In response to the question “What impact did media pressure have on the position of the incumbent Prime Minister and coalition negotiators?”, the Institute for Government replied:

The impact of media pressure on the position of the incumbent Prime Minister and coalition negotiators was clearly considerable. However, this pressure was markedly less than many had feared in the period before the election—considering the expansion and immediacy of media and 24 hour news compared to 1974, let alone concerns about the potential reactions of financial markets. One reason for this may have been the efforts to educate media and markets, including by the Institute for Government, in the period before the election, as well as the behaviour and messages of politicians in the period after the results began to suggest an unclear result. Education and public discussion of the possibility of the process taking longer does appear to have mitigated its effects. Clearly, however, there are still lessons that can be learnt, particularly in terms of how other countries approach the period following an election result and whether the UK process is rushed in a way that is detrimental to the quality of governance.
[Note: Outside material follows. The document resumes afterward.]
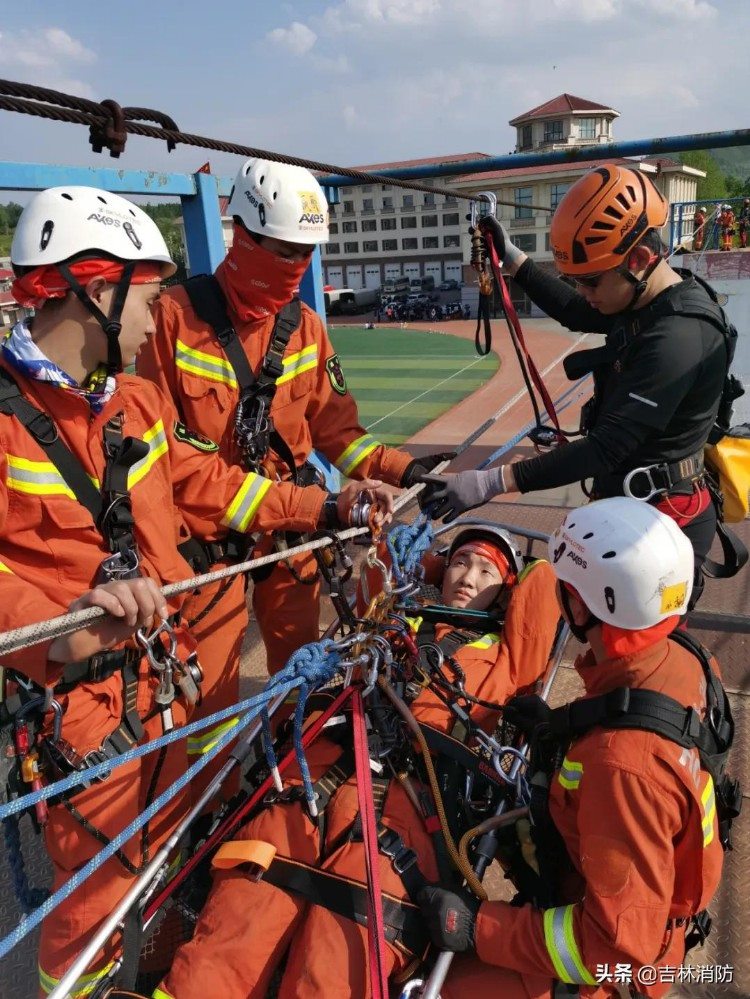 聚焦实战打赢 提升专业能力丨吉林总队整建制开展绳索救援技术培训工作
Indeed, in its final report, Lessons from the process of Government formation after the 2010 General Election, the Committee noted:

7. We have heard that following the May 2010 general election, constitutional processes were broadly clear and worked well. On the whole, the media demonstrated a better level of understanding of constitutional processes than some had feared. There was no evidence of panic by the public or the financial markets. Dr Ruth Fox, Director of Parliament and Government at the Hansard Society, told us  that “the markets didn’t have much of a response to what was happening”, and the Institute for Government wrote that “[media] pressure was markedly less than many had feared”. This is to the credit of those organisations, including the Hansard Society, the Constitution Unit at University College London and the Institute for Government, which worked in the run up to the election to increase public and media understanding of what would happen if there was a hung Parliament.
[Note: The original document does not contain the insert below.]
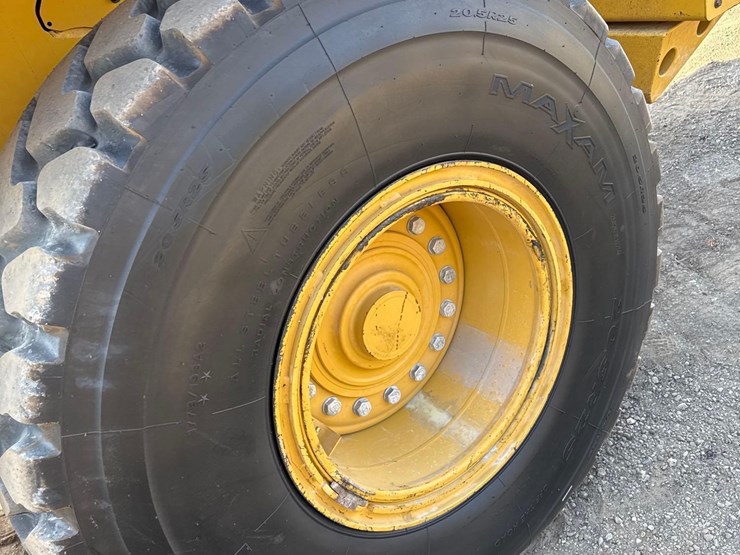 2020-caterpillar-938m-image-18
Canada could use such an approach.

Many recent events in Canadian politics have demonstrated that far too many Canadians do not understand how the parliamentary system works, and this ignorance is too easily exploited by politicians. This was clearly evident during the so-called “coalition crisis” of 2008, when the opposition Liberal and NDP parties announced that they had reached an agreement to form a coalition, with confidence and supply support from the Bloc Québécois, and would seek to defeat the recently re-elected Conservative minority government. The governing Conservatives immediately launched an attack painting the idea of coalition government as something illegitimate, even calling it a “coup d’état”. Bringing down an “elected government” and replacing it with a form of government “no one had voted for” was unacceptable. Far too many Canadians didn’t know any better to disagree.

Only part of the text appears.